Different plans will, ultimately, match different investors. If you’re talking to a venture capital (VC) firm that mostly does Series A rounds, but participates in Seed rounds here and there, you would be wasting your time talking about anything but your most expensive plan (the one where you raise $2M).
On the other hand, if you’re talking to an angel investor, you will want to focus on your least expensive plan (the one where you raise $900k). It’s typical to see smaller commitments from individual angel investors during the seed stage. Checks can range from $20-$50k, and startups usually roll these up with other offers in order to grow the seed round.
These examples, although slightly different, share a similar sentiment: don’t nail yourself down to one number for the sake of having a number to give investors in a meeting. Plan for multiple scenarios, and adjust accordingly to the investor you’re meeting with.
At the end of the day, getting an investor to commit is your goal. Talking about money up front will not help you close a deal. Once you get the yes from an investor, then it’s time to talk about money.
The best time to start raising seed capital is when you believe it’s time to get your company off the ground! Have a business plan and executive summary available for investors, as well as a clear path forward to profitability. When you can articulate the items on the list below, you’ll be prepared to raise seed money:
Most importantly, be able to explain what sets you apart from everyone else. In the seed stage, you’re relying on an idea and story as much as any detailed financial projection.
If you don’t believe you’re quite there yet, don’t worry. Continue working on your startup, strategy, and product/service. While fundraising is often necessary for a startup, it is not the main reason startups succeed. Your product is.
Startup valuation is not only an important component of fundraising, it is required. While investors typically negotiate a startup’s valuation during the seed round, founders can select a target or anticipated valuation. Selecting a valuation is one of the harder parts of seed fundraising, but it’s an important step in the fundraising process.
Setting a target valuation simply means you are telling the investor you aim to fundraise at a certain valuation for your startup. It’s important to select a realistic and enticing valuation to get your foot in the door with potential investors. Too low of a valuation can be a negative signal. Too high and you can negatively impact your fundraising efforts.
To be clear, the founder does not set the valuation, they choose a number that feels right for their startup. Usually, the number is then heavily negotiated over with the potential investor.
Seed funding represents planting a small seed, your business idea, that will grow into a healthy and thriving tree. Seed capital can provide a company the funds necessary to create a strong foundation to work from, and prepares the founders to potentially move onto a Series A, B, or C round, funding stages that are analogous to your tree’s branches sprouting.

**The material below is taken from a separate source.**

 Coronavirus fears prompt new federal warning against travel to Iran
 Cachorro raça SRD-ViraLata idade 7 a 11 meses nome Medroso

Use seed funding to get your business off the ground by bringing on key hires, purchasing or leasing all the equipment you need, conducting research and proof-of-concept studies, and more. By raising enough money to fund your business for the next 18 months, you will be able to prepare for a Series A round, which will, ideally, help you get one step closer to profitability.

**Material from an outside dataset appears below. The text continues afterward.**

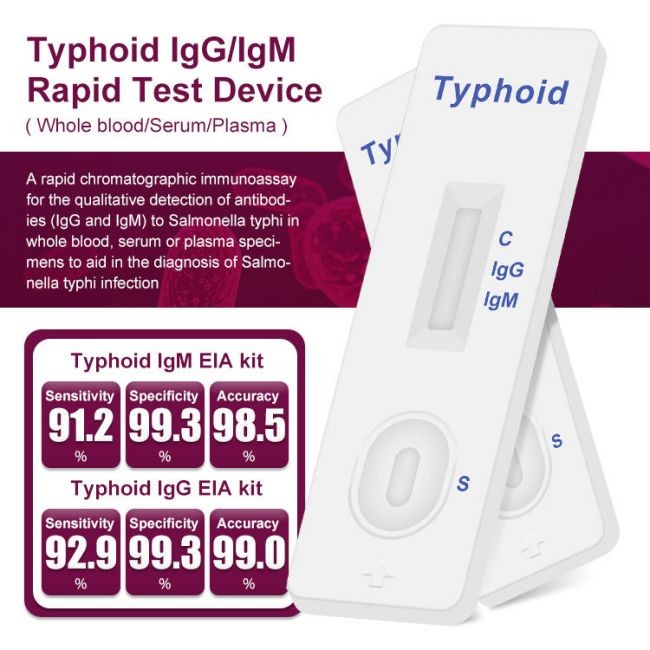 Typhoid IgM / IgG Rapid Antibody Test Cassette One Step 40 Tests/Kit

But remember, equity funding is not your only option. While an excellent avenue to funding, there are other biotech funding options available, some of which are non-dilutive. Alternatives to equity funding include include grants and public funding, equity crowdfunding, and various forms of debt financing, such as loans and leasing.
This article is informative. It is not meant to represent legal advice. Before raising capital through equity financing, it is best practice to speak with a lawyer who has a track record in startup and venture capital deals.